This section for the month of August covers the following areas: FAMILY UNITY: Through a Family Interest PEDAGOGY: Teaching Religion by Pictures RELIGIOUS PICTURES VERSUS HOLLYWOOD PICTURES MOVING PICTURES: How to Choose Them ENCOURAGE GOOD MOVIES VIRTUE FOR PARENTS: Extraordinary patience and calm. THINGS TO DO: Finish or do projects that you didn't have time for the rest of the year; play for feast of the Assumption. BOOKS FOR THE MONTH: An Alphabet of the Altar and Daybreak in the Soul. HYMNS FOR THE MONTH: Hymns to Our Lady

DIRECTIONS

FAMILY UNITY—THROUGH A FAMILY INTEREST To keep the children interested in home affairs is a sure way of preserving the unity of the family. We should aim to discover interests in which parents and children can share. One of these interests is pictures. A whole family may educate itself in art and learn the stories of the Old and New Testament by the simple and fascinating way of pictures. A family interest of this kind which can be shared by adults and children is invaluable in maintaining the close contact of earlier years.
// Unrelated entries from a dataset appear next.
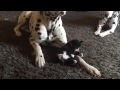 Adorable foster kitten plays with two Dalmatians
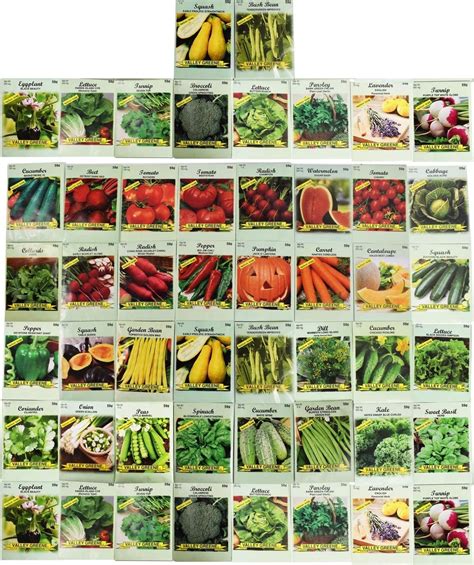 50 Packs Assorted Heirloom Vegetable Seeds 20+ Varieties All Seeds are ...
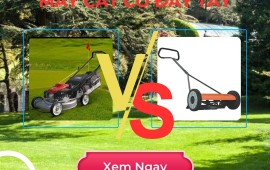 So sánh xe cắt cỏ đẩy tay có thu cỏ và không thu cỏ: Nên chọn loại nào?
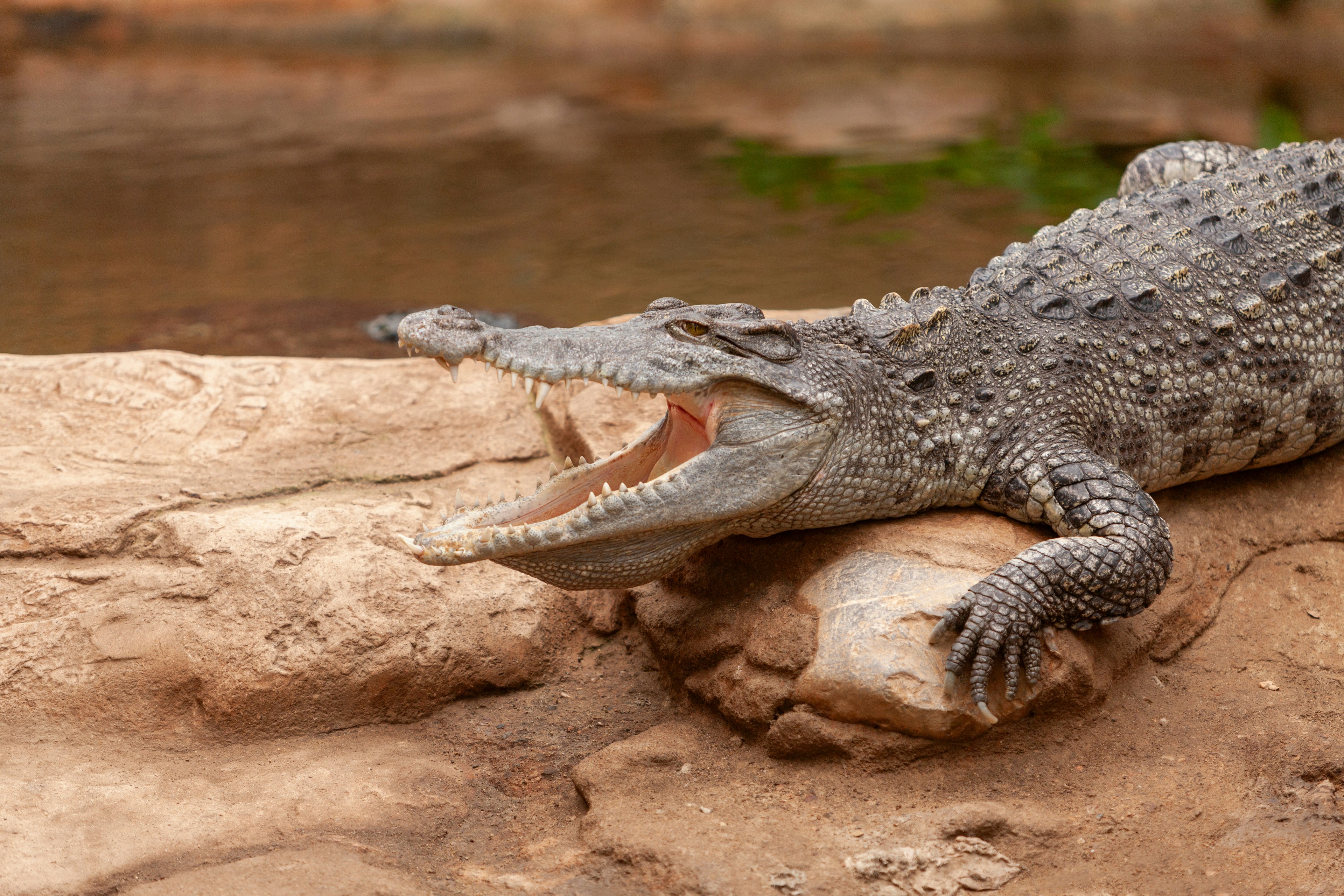 Freshwater crocodile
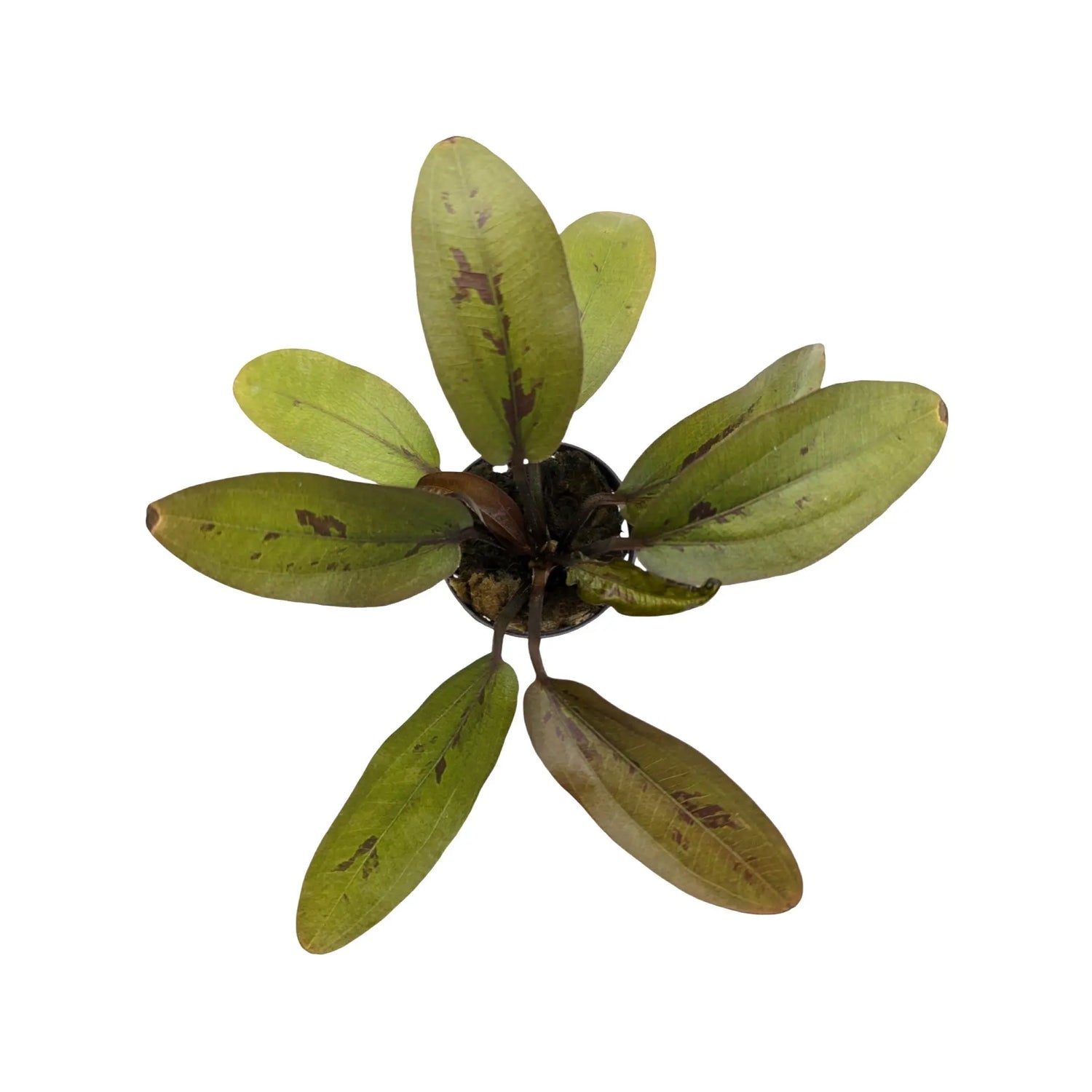 Echinodorus altlandsberg Aquafleur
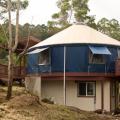 Umauma Yurt
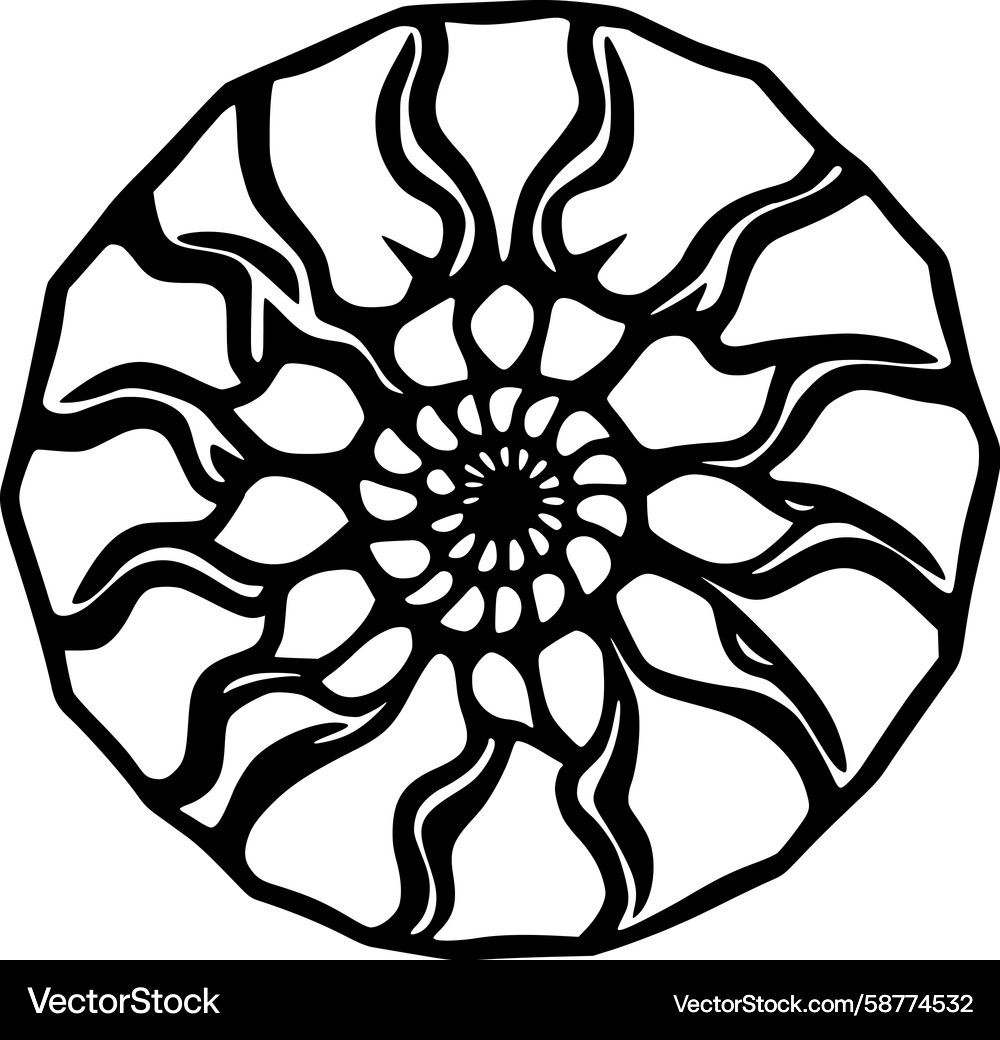 Spiral Nautilus Shell Pattern Vector Image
PEDAGOGY—TEACHING RELIGION BY PICTURES Why then should we not make use of pictures to teach religion and to help us create in our homes a Catholic atmosphere?

From the early days of Christianity artists have tried to paint pictures showing some religious truth or telling some story of our faith. The very greatest artists, men like Giotto and Duccio, Raphael, Michael Angelo, Fra Angelico, Perugino, Piero della Francesca, have left hundreds of magnificent pictures, copies of which can be obtained for a few cents.1

How to Get Pictures
Besides buying pictures, children can watch papers (Catholic and secular) for religious pictures. Often the Sunday editions print copies of great masterpieces.

Learn to Love Fine Pictures
If you are not trained to appreciate masterpieces of art, surround your children with them while they are young and they will gradually learn to love them. The great pictures have been admired for hundreds of years because, having been made by great artists, they have in them a quality which after a while conveys to people the real meaning of the picture.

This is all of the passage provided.